Ces éditeurs ne spéculent pas sur le talent ni sur le goût du public
comme je peux le faire. Ils n’ont aucune ambition et ne visent
qu’un retour immédiat sur investissement ! Ils ne construisent que
des cabanes de paille … Aussi taudis, aussitôt fait ! Du gagne-petit
mais, hélas, du gagne terrain !
Et le terrain, ça le connaissait Granier !
— C’est grâce aux organisateurs de salons et manifestations
que nous pouvons vivre aujourd’hui. Et grand merci à eux ! Je
ne vous parle pas de ces grands supermarchés du livre que sont
Angoulême, Paris ou Montreuil où le prix du linéaire est prohibitif.
Je vous parle, jeune homme, des salons à taille humaine comme
ceux de Contrexeville, Montargis, Merlieux, Blois, Sartrouville,
Crépières … et j’en oublie … Ceux organisés avec passion et savoir-
faire par des « mordus » du livre, le plus souvent bénévoles !

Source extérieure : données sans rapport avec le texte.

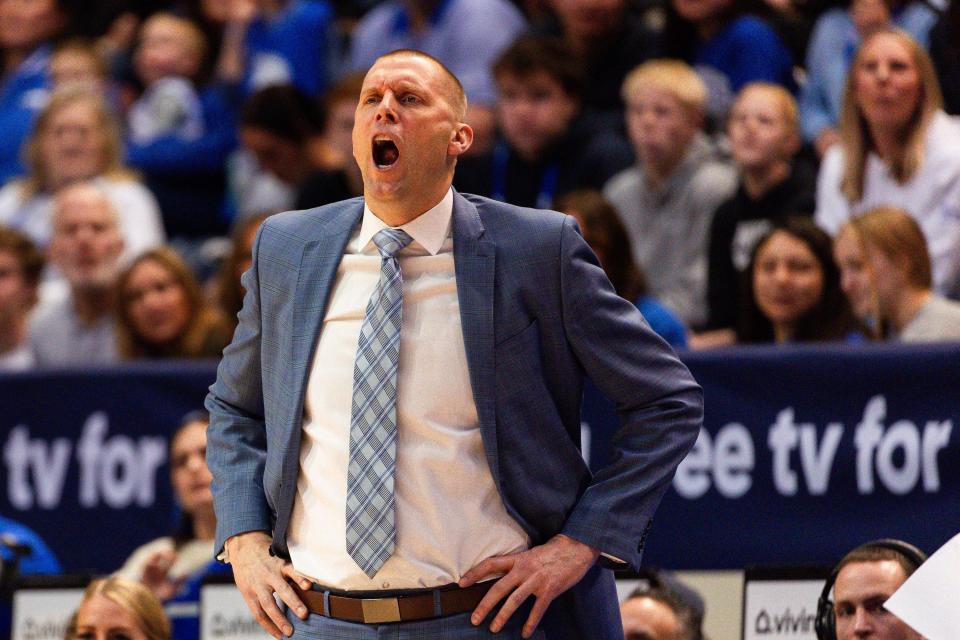 Brigham Young Cougars head coach Mark Pope yells during a men’s college basketball game between Brigham Young University and Baylor University at the Marriott Center in Provo on Tuesday, Feb. 20, 2024. | Megan Nielsen, Deseret News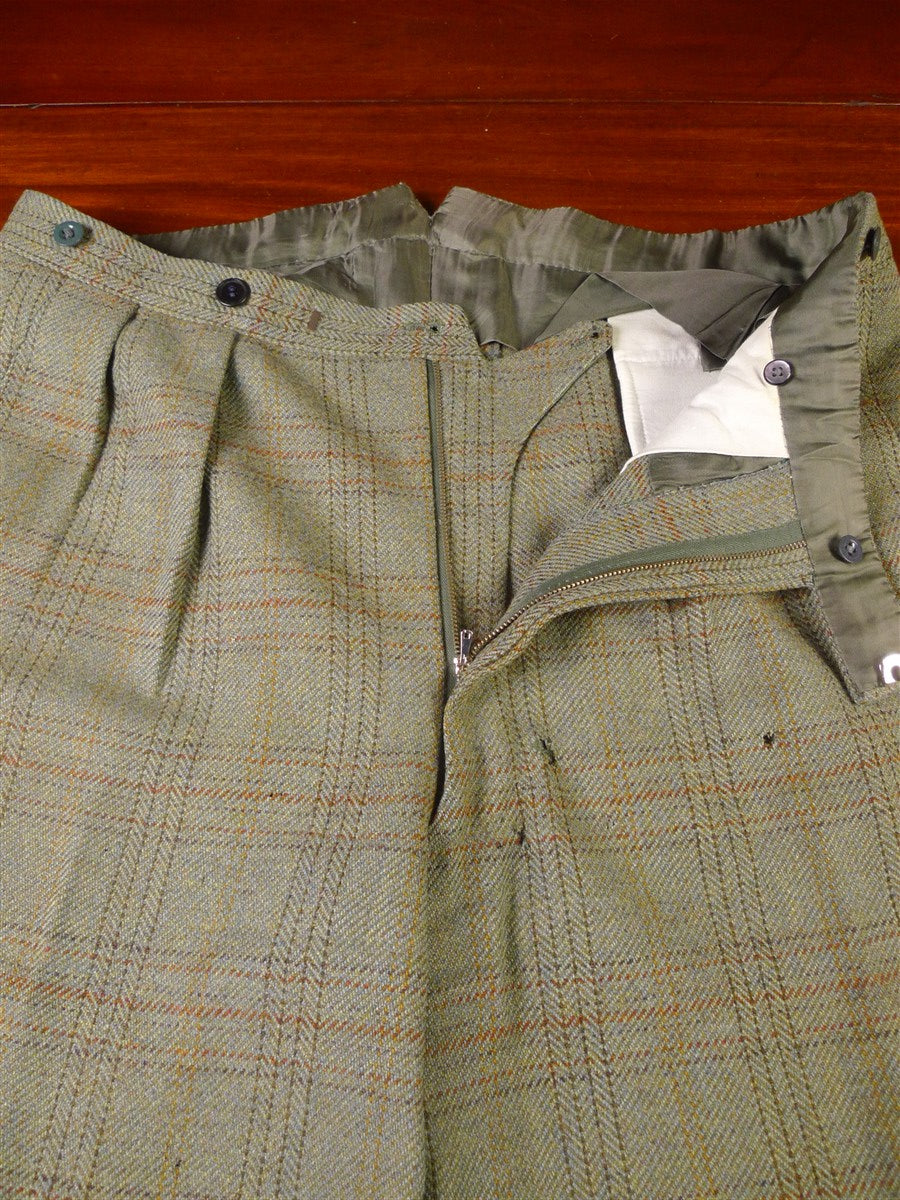 25/1058 exceptional 2005 anderson & sheppard savile row bespoke heavyweight green wp check tweed shooting suit w/ breeks 44-45 regular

Il fit une pause, puis il conclut :
— On va stopper là ce débat sans fin. Je vous attends lundi
prochain … Au fait, j’ai bien aimé votre lettre de motivation ! Vous
avez du style …
Une lettre que j’avais écrite sur les conseils avisés de maman. J’y
détaillais une passion démesurée pour la littérature, et mon désir
de participer un jour à la grande aventure de l’édition, flattant au
passage Jacques Granier pour son action et son sens aiguisé des
mots et des affaires. Enfin, les flagorneries habituelles !
Tant mieux s’il aimait mon style …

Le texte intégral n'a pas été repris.